The scheme is initially being rolled out in one-third of India's 600 districts across the country and is part of the Congress-led government's bid to help the rural poor who helped it to a surprise electoral win in 2004.
The scheme is to be fully operational in five years.
Congress campaigned on a platform of economic reform with a "human face".
The scheme's key architect, Belgian-born economist Jean Dreze who teaches at Delhi School of Economics, said it was long overdue with India's economy booming at eight per cent.
"During the last 20 years or so, the so-called 'middle class' read the top five per cent of the income scale-has become rich beyond its wildest dreams," Dreze said.
Around 60 per cent of India's 1.1 billion population live in the countryside, many in abject poverty.
But other economists say it may not be the best way to beat poverty.
Economists also say the jobs plan could put pressure on the cash-strapped government's finances and widen the country's combined central and state government deficit, which at over nine percent is one of the world's highest.
States will be responsible for 10 percent of the funding.
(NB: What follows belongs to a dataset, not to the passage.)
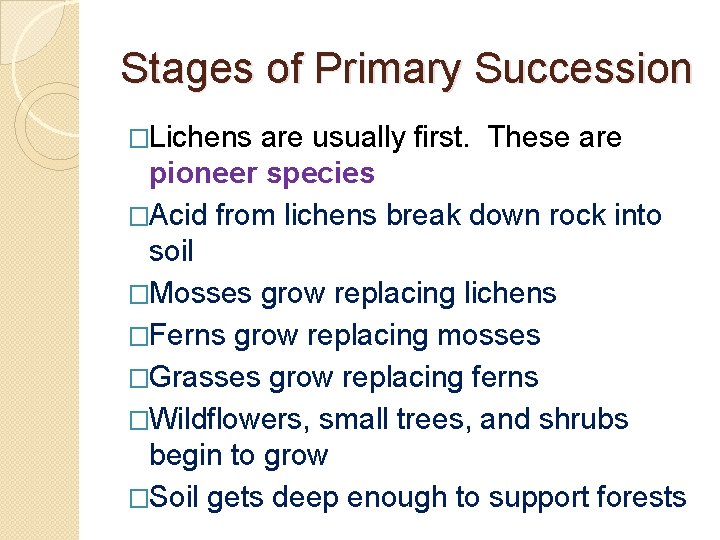 Stages of Primary Succession �Lichens are usually first. These are pioneer species �Acid from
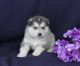 Alaskan Malamute Puppies for sale in Jacksboro, TN 37757, USA. price: NA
Finance Minister P Chidambaram has said the scheme will have only a nominal budget impact. The government says it plans to fund the initiative by combining other rural welfare schemes and cutting costs on other programmes.
Despite the difficulties, economists said any programme tackling India's poverty was a good thing.
"Even if only 50 per cent of the funds get through, it will generate an increase in employment and boost infrastructure," said Riyaz Khan of the Mumbai-based Centre for Monitoring Indian Economy.
Mindful of critics who say other poverty-fighting schemes have a poor history in reaching the neediest, the premier said there was a need to "work tirelessly to ensure the benefit of the scheme reaches to the needy people."
India has had a longstanding battle to overcome bureaucratic and other corruption. Also some of the country's poorest states have the worst record on governance.